Push Docker Image (release-only)

Triggered only on release events, this step pushes the Depsight image to Docker Hub. The workflow first authenticates using a username stored as a repository variable and a PAT stored as a repository secret. Keeping the push separate from the build ensures every PR and dispatch run still validates the Dockerfile while only tagged releases are published.

- name: Log in to Docker Hub
  if: ${{ inputs.is_release }}
  uses: docker/login-action@v3
  with:
    username: ${{ vars.DOCKER_USERNAME }}
    password: ${{ secrets.DOCKER_PAT }}

- name: Push Docker image
  if: ${{ inputs.is_release }}
  uses: docker/build-push-action@v6
  with:
    context: .
    push: true
    build-args: |
      PYTHON_VERSION=${{ inputs.python_version }}
      UV_VERSION=${{ inputs.uv_version }}
    tags: |
      ${{ vars.DOCKER_REPOSITORY }}:${{ inputs.depsight_version }}
      ${{ vars.DOCKER_REPOSITORY }}:latest

Docker Hub Credentials

DOCKER_USERNAME is configured as a repository variable and DOCKER_PAT as a repository secret. The PAT requires the Read & Write permission scope for the target repository on Docker Hub.


Security Pipeline

Depsight uses a two-layer security model: continuous vulnerability monitoring via a dedicated workflow, and blocking vulnerability gates inside the build pipeline.

Vulnerability Monitoring

The trivy.yml workflow runs independently of the build pipeline. It performs two scans — a filesystem scan of the repository source and an image scan of a locally built Docker image (never pushed). Both scans always render findings as a formatted table in the Actions log. In addition, SARIF reports are generated and uploaded to the Security tab for most triggers:

Trigger Console output SARIF Uploaded to Security tab
push to main Yes Yes Yes
pull_request to main Yes Yes Yes
schedule (weekly) Yes Yes Yes
workflow_dispatch on main Yes Yes Yes
workflow_dispatch on any other branch Yes No No

The console scans run unconditionally on every trigger, giving immediate visibility in the Actions log. When SARIF output is also enabled, results are uploaded to the repository's Security tab via the CodeQL upload action (see section below).

Filesystem Scan

The filesystem scan (trivy fs .) checks the repository source for Python dependency vulnerabilities and leaked secrets.

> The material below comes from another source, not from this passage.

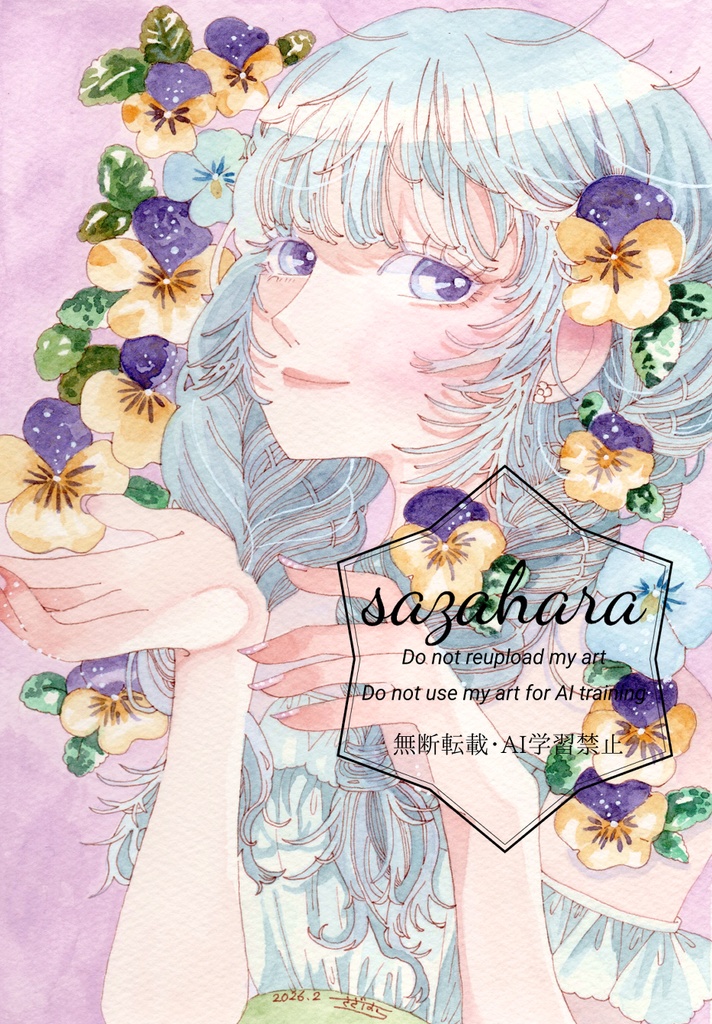 額装原画『ビオラ』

It runs before the Docker image is built, providing fast feedback without waiting for a container build.

The console step runs unconditionally on every trigger and renders findings as a formatted table directly in the Actions log.

- name: Trivy filesystem scan (console)
  uses: aquasecurity/trivy-action@master
  with:
    scan-type: "fs"
    scan-ref: "."
    format: "table"
    exit-code: "0"
    ignore-unfixed: true
    scanners: "vuln,secret"
    severity: "CRITICAL,HIGH"

The SARIF step runs conditionally — only on pushes, pull requests, scheduled runs, and manual dispatches targeting main. It writes findings to a SARIF file instead of the log.

- name: Trivy filesystem scan (SARIF)
  if: ${{ github.event_name != 'workflow_dispatch' || github.ref == 'refs/heads/main' }}
  uses: aquasecurity/trivy-action@master
  with:
    scan-type: "fs"
    scan-ref: "."
    format: "sarif"
    output: "trivy-fs-results.sarif"
    exit-code: "0"
    ignore-unfixed: true
    scanners: "vuln,secret"
    severity: "CRITICAL,HIGH"

The upload step submits the SARIF file to GitHub under the trivy-filesystem category, making findings visible in Security → Code scanning (see GitHub Security Tab).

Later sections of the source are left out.